Après l’époque de la scolastique, la philosophie – de Bacon à Leibniz et Hume (je ne parle pas, bien sûr, des scolastiques attardés qui radotaient à l’université) – ne fut pas à l’école. Les lieux philosophiques du grand rationalisme et du grand empirisme, ceux aussi des « philosophes » au sens des Lumières, furent des salons, des ambassades, des palais ou des logis retirés… La philosophie ne revint dans l’école (mais tout d’abord dans l’Université) qu’à l’époque de Kant, et donc comme par hasard avec la démocratie naissante. Il n’est pas exclu que demain ne s’ouvre un autre âge, où la philosophie n’aurait de nouveau plus d’existence scolaire (elle a déjà, de fait, déplacé ses lieux, ou ses scènes). L’éducation démocratique pourtant n’y trouverait pas son compte – et que serait une démocratie qui ne s’éduquerait pas elle-même au savoir de ce qu’elle est (l’en-commun) et au savoir de ce que ce savoir lui-même est son propre désir ? [4]
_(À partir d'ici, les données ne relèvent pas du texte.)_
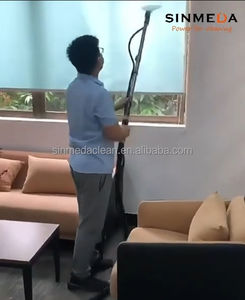 <span class=keywords><strong>Macchina</strong></span> elettrica per la pulizia di tappeti per la casa e commerciali pulitrice a vapore per il divano autolavaggio per la tenda del materasso e la cucina-Argos - Product Image 4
7. Je ne conclurai pas. Je résumerai seulement au plus court. L’instruction a des lieux définis et séparés, mais encore faut-il savoir quelle instruction il faut dispenser. L’éducation enseigne le passage, le déplacement, voire l’errance sans lieu défini. L’école démocratique doit se localiser avec l’une et se délocaliser avec l’autre. Si le problème est bien posé, il semble que la tâche première soit de définir l’instruction et ses lieux : seulement ensuite il sera possible de ménager les ouvertures et les sorties par où le hors-lieu pourrait avoir lieu. À condition qu’il nous soit possible, aujourd’hui, de repérer et de définir l’instruction, d’en localiser les éléments.

Notes

[1Sur l’avenir de nos établissements d’enseignement, trad. Jean-Louis Backès, Paris, Gallimard, 1973, p. 100.

[2En France, où cet enseignement constitue un cas unique. Mais l’observation des autres pays conduirait par d’autres voies aux mêmes remarques.

[3Je préciserai seulement que je n’ai réellement aucune présupposition déterminée quant à la solution de son problème : maintien, transformation et suppression de cet enseignement (étant entendu que chacun de ces trois termes est susceptible de bien des interprétations…).

[4Il est remarquable que la psychanalyse, chez Freud puis chez Lacan, a rencontré de manière précise la même configuration problématique au sujet de l’enseignement de son propre savoir – et que par raison conjointe les questions du ou des lieux de l’analyse, de la formation et de l’école analytiques, aient jusqu’ici rejoué de manière très claire les mêmes problèmes, avec les mêmes enjeux. Il suffit de relire en particulier, de Lacan, La psychanalyse et son enseignement.